### Task prompt:
If a line holds an image, leave the image out; write out everything else in the records exactly.

### Excerpted records:
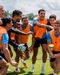 Animação durante o treino do FC Porto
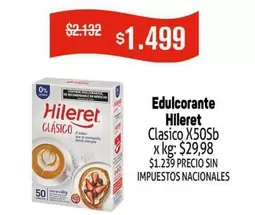 Hileret - Edulcorante Cl0sico X50Sb
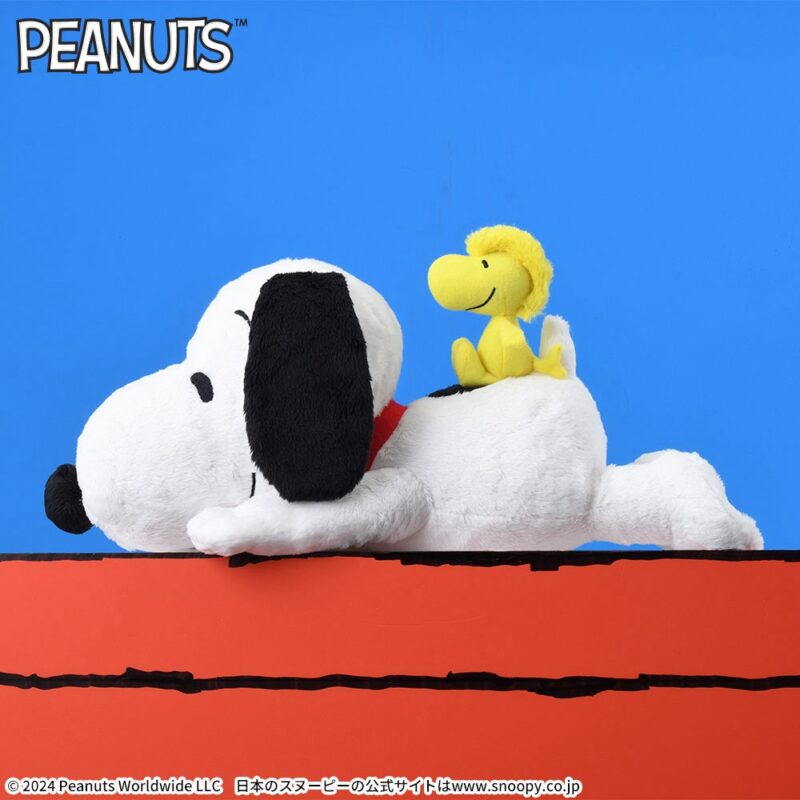 【2024年6月28日登場】SNOOPY™　Lぬいぐるみ スヌーピー&ウッドストック おしりVer.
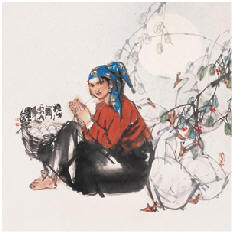 史国良 1999年作 搓线图 镜心69×68cm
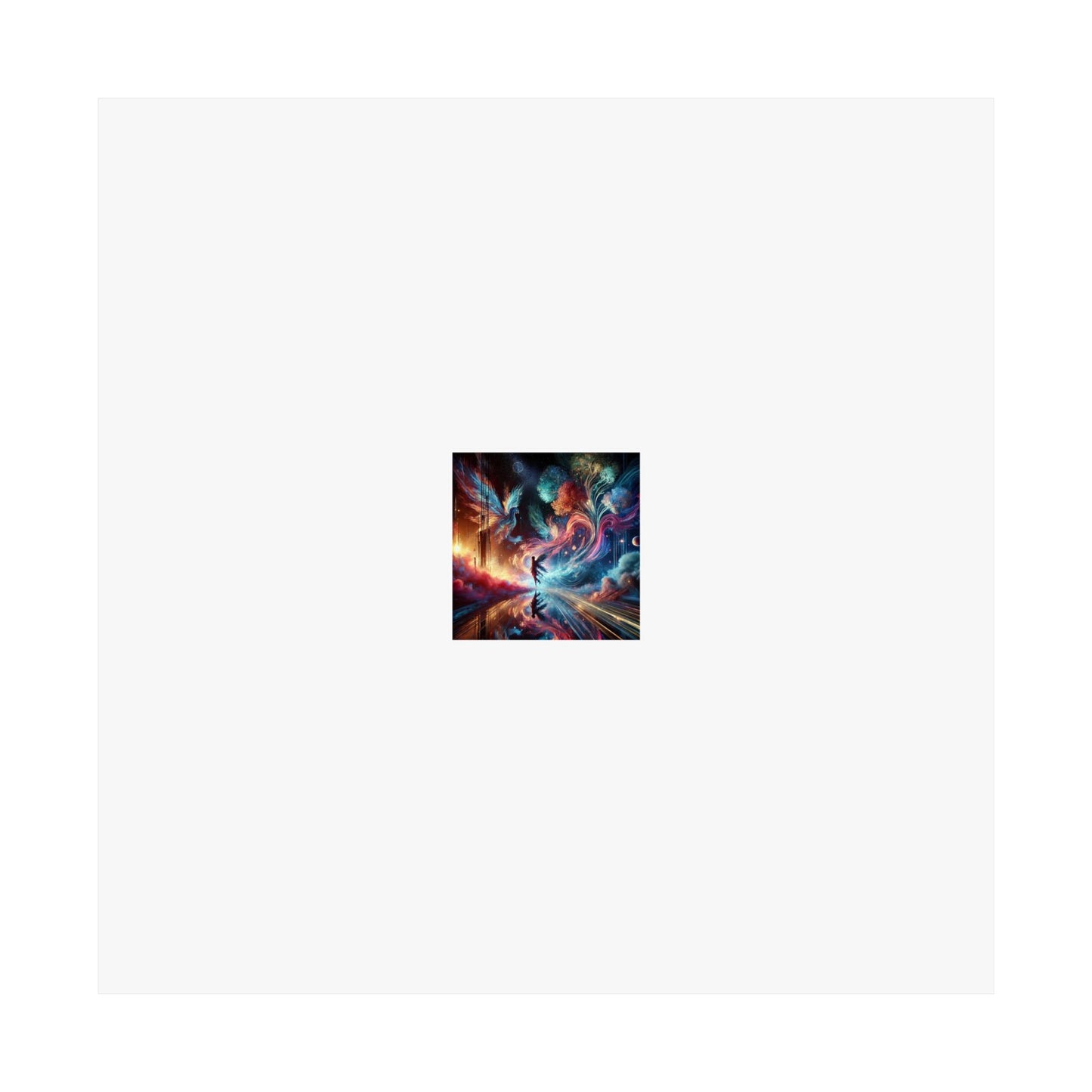 Cosmic Aurora Dancer Dreamscape Celestial Dance Poster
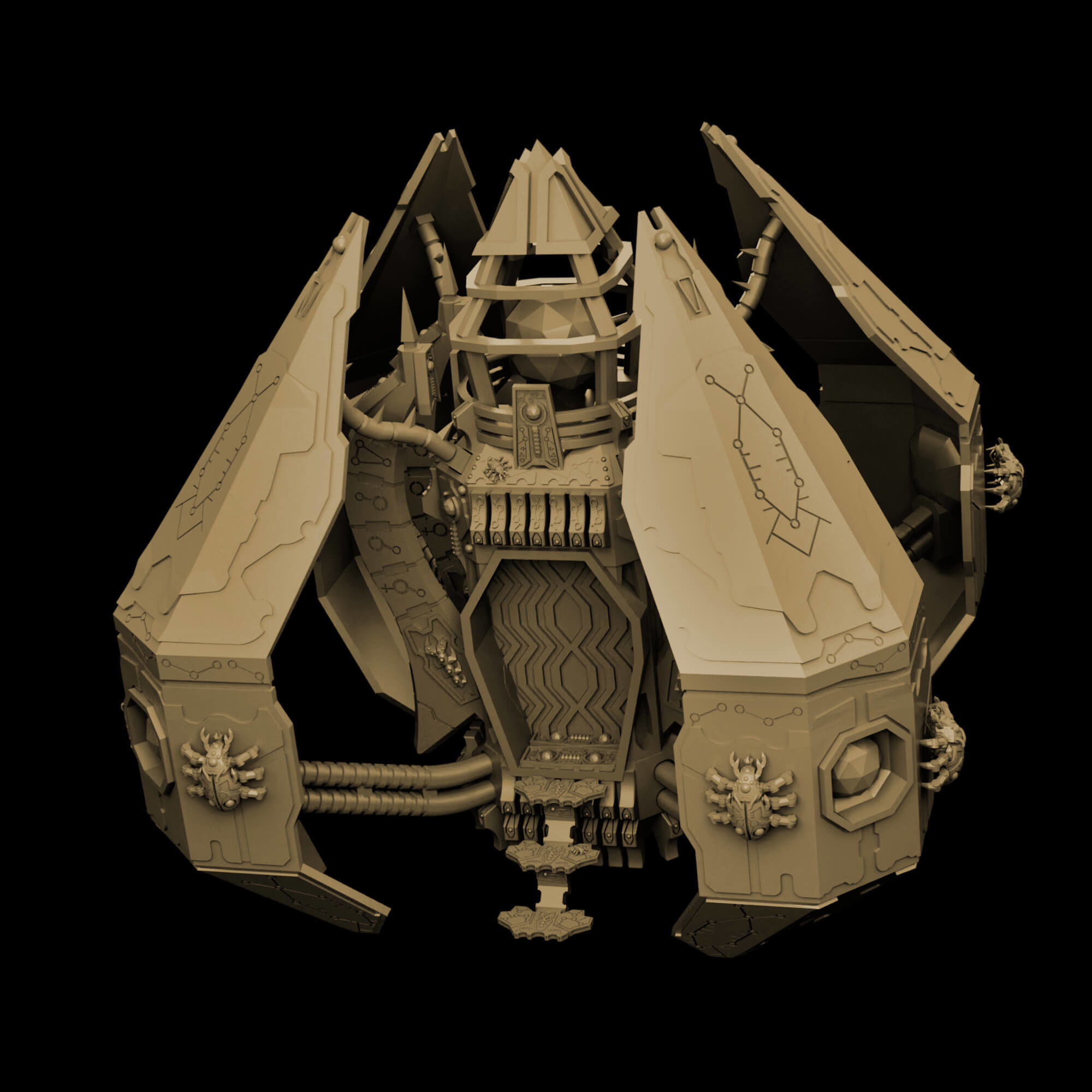 Eternal Dynasty Monolith Sci Fi Miniature 3D print model_3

### The completed task:
 Animação durante o treino do FC Porto
 Hileret - Edulcorante Cl0sico X50Sb
 【2024年6月28日登場】SNOOPY™　Lぬいぐるみ スヌーピー&ウッドストック おしりVer.
 史国良 1999年作 搓线图 镜心69×68cm
 Cosmic Aurora Dancer Dreamscape Celestial Dance Poster
 Eternal Dynasty Monolith Sci Fi Miniature 3D print model_3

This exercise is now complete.